For I knew something of Oleander.
It was
not blood that bonded her to her brother. It was her lust for power and she
would destroy anything that stood in her way.

I
strode across the room and swept delectable
Celestina
out of
Marek’s
arms and into mine mid dance. She was
pleased, loving all this new attention. She told me the previous night that she
was in love with both of us, but that she would still do anything I wanted,
even kill another of her own if it came to it, just to prove her love. Fickle I
know, but that was hardly a flaw in my book.

I
had another fantasy and that was to take
Celestina
to
France with me, so that we could hunt together. She was most certainly a
player, and once away from Oleander’s eyes we could do what we liked. She was
such a prize, though she was not really Celeste.
Just as Zola
was not really Zola.

 

Zola

 

Marek
changed. He had become one of us and yet this did not make me
happy. I had some regret now that I had brought
Marek
to Oleander.
No-one
had ever affected me this much
before. He spent much time doting on
Celestina
. I
hated calling her by that name. I now found myself questioning the motives of
both Oleander and Jean.

It
was
Marek
, you see, who had changed me. I had never
met anyone who was so good, or anyone who had put up such a fight against the
strigoi
inside of him. And now it hurt more knowing that we
had been lying to him. If I had told him the truth about what we really were,
when we would be stripped raw of our facades, he would hate me.

I
know now that I loved him. I do not know when I first fell for him. Perhaps
even as far back as when he rescued Zeke from the wolf. For a
strigoi
, I was one of the reborn. I was still young. We
were the new
breed
thanks to Oleander. And since she
came into power she had made many changes. She was smart and powerful, born of
a
strigoi
and a witch, since the
strigoi
could not sire children on their own.

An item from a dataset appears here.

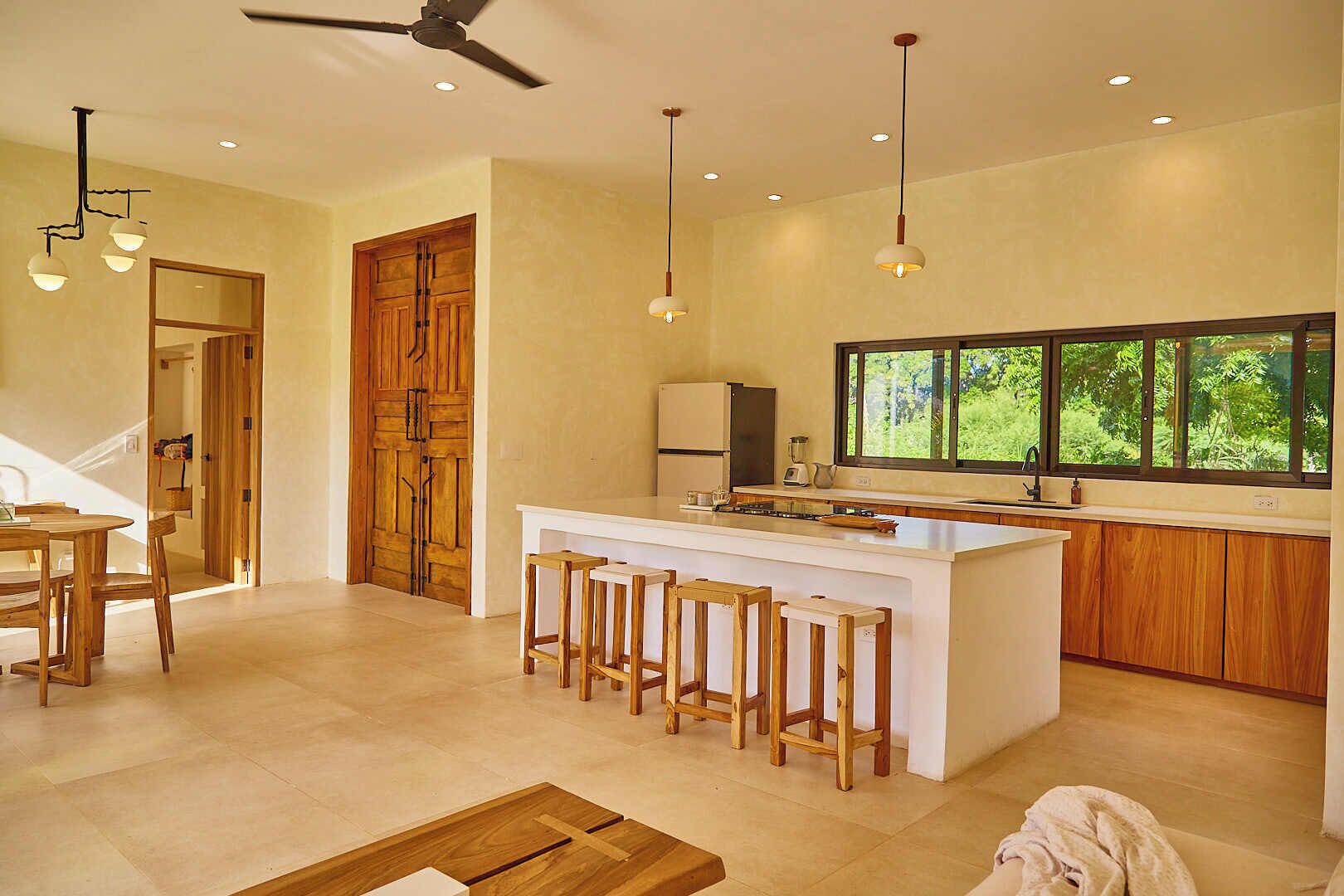 Una cocina moderna con una isla central, taburetes de madera, un comedor con mesa y sillas, y un ventanal con vistas a la vegetación.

Humans were important to us in many ways.
Which is why Lewis maintained strict control over our circle so we were not
prey to excess, dwindling down humankind to insufficient levels. We took
society’s garbage though occasionally made some mistakes; mistakes, I’ve
noticed of late, that were no longer punishable.

I
knew that it was not just for love that she brought her brother here but in
preparation for a coven war. She was aware of
Marek’s
potential and the power to make her coven the strongest in the land. Other
covens had grown weak, allowing witches to take control.